# CLAUDE.md
This file provides guidance to Claude Code (claude.ai/code) when working with code in this repository.
## Project
libpgdump is a Rust library for reading and writing PostgreSQL dump files. Supports all three pg_dump formats: custom (`-Fc`), directory (`-Fd`), and tar (`-Ft`).

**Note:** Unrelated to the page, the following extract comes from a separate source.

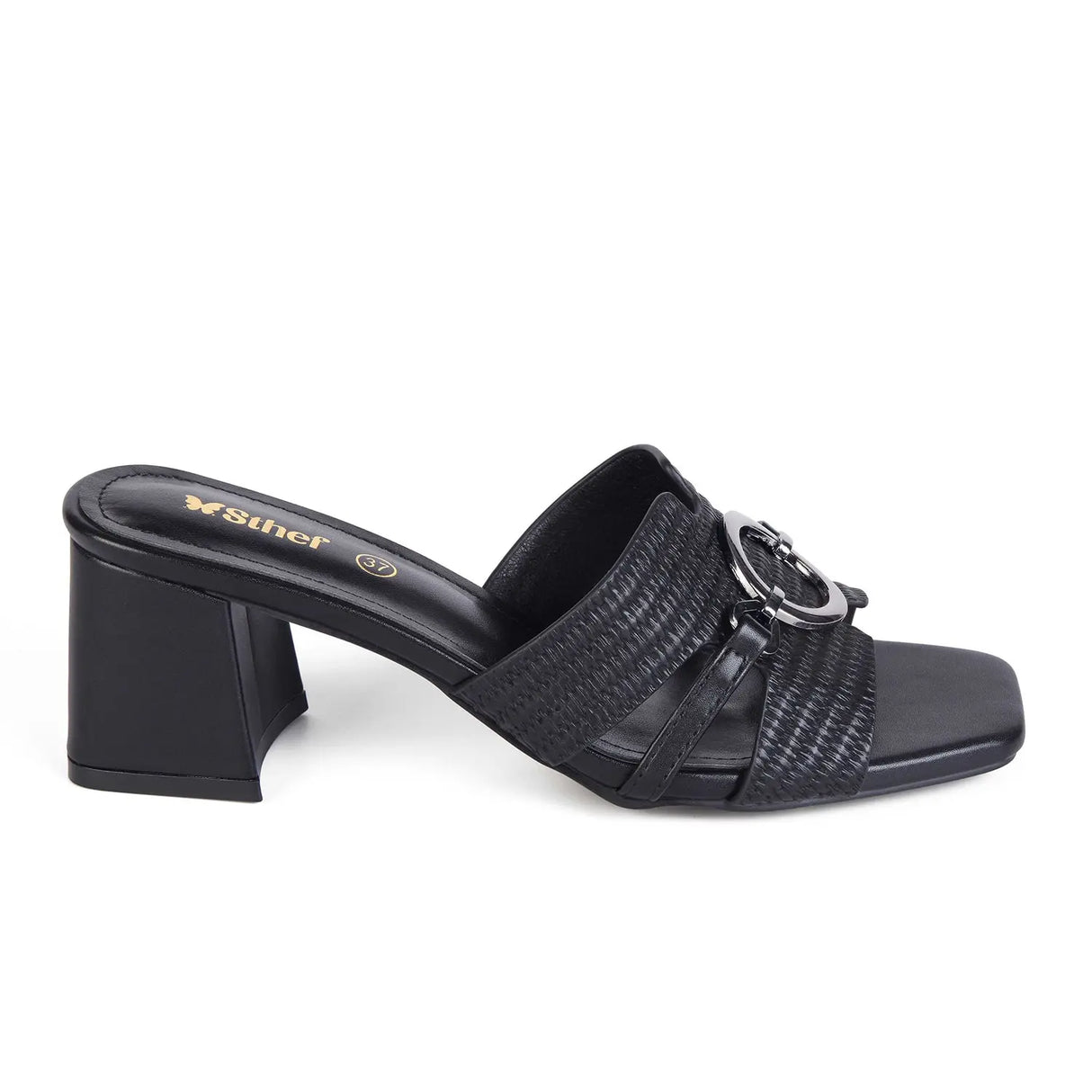 SANDALIA MUJER STHEF VESTIR NEGRO 8045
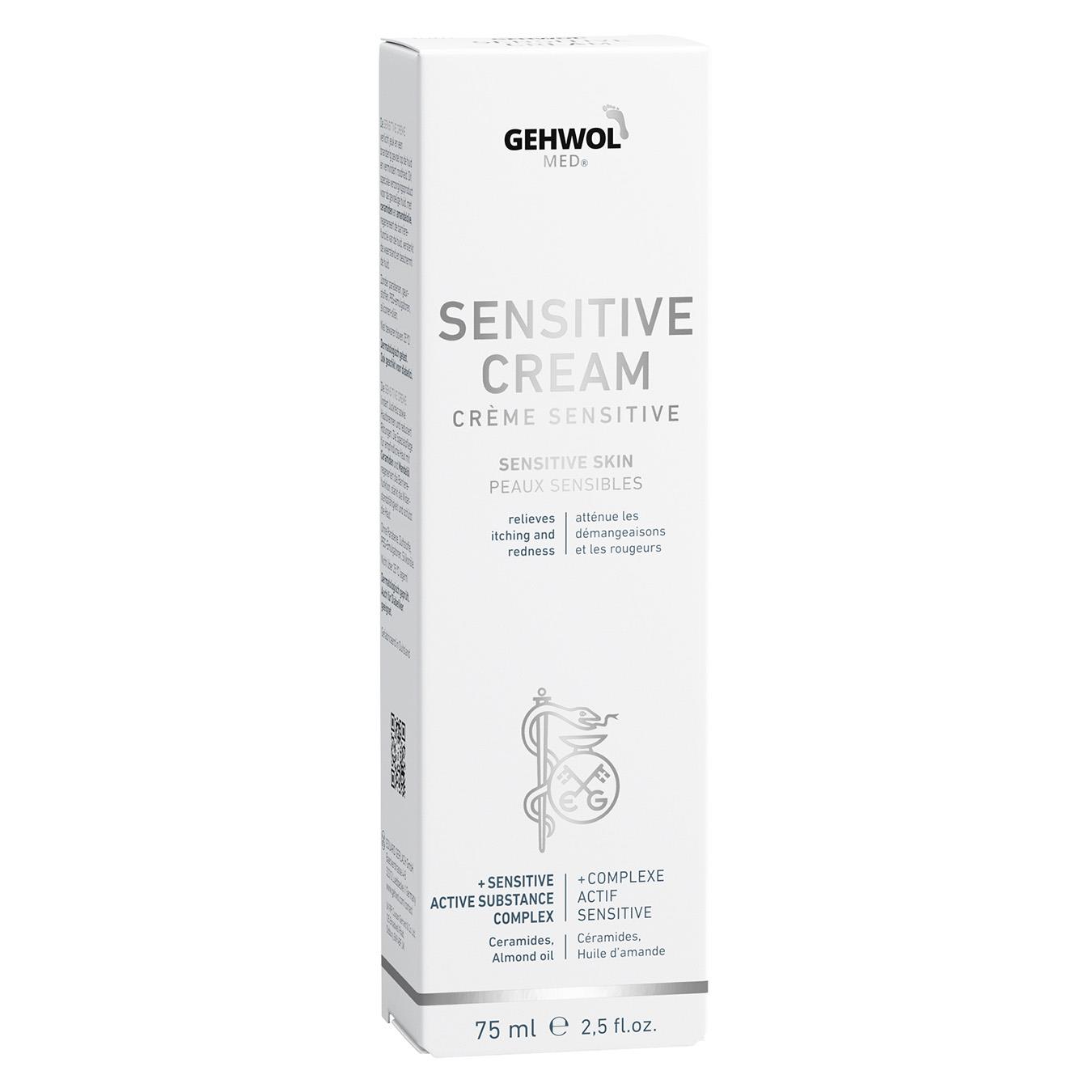 Gehwol Sensitive Fotkräm - 75 ml - Torr och känslig hud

All four compression algorithms are supported: none, gzip, lz4, zstd (tar format does not support compression).
## Build Commands
```
cargo build
cargo test
cargo test <test_name> # run a single test
cargo clippy # lint
cargo fmt # format
cargo doc --no-deps # build docs
just check # fmt-check + lint + test
just bootstrap # generate test fixtures (requires Docker)
```
## Architecture
The public API is `Dump::load(path)` / `Dump::save(path)` in `src/dump.rs`. `load()` auto-detects format from file type (directory) or magic bytes (`PGDMP` = custom, `ustar` = tar).
### Format readers/writers
Each format has its own `read_archive` / `write_archive` in `src/format/`:
- `custom.rs` — Custom format (Fc), binary stream with TOC + data blocks
- `directory.rs` — Directory format (Fd), `toc.dat` file + per-entry `.dat` files
- `tar.rs` — Tar format (Ft), standard tar archive with `toc.dat` + data files
All three share the `ArchiveData` intermediate struct (defined in `custom.rs`) that `Dump` converts to/from.
### Core modules
- `src/io/primitives.rs` — Low-level read/write for pg_dump's custom integer, string, and offset encodings
- `src/compress/` — Compression layer (none, gzip, lz4, zstd) with `decompressor`/`compressor` factory functions
- `src/entry.rs` — TOC entry model
- `src/header.rs` — Archive header model
- `src/types.rs` — Core enums: `ObjectType` (50+ pg_dump object types with `section()`, `priority()`, `as_str()`), `Section`, `Format`, `CompressionAlgorithm`, etc.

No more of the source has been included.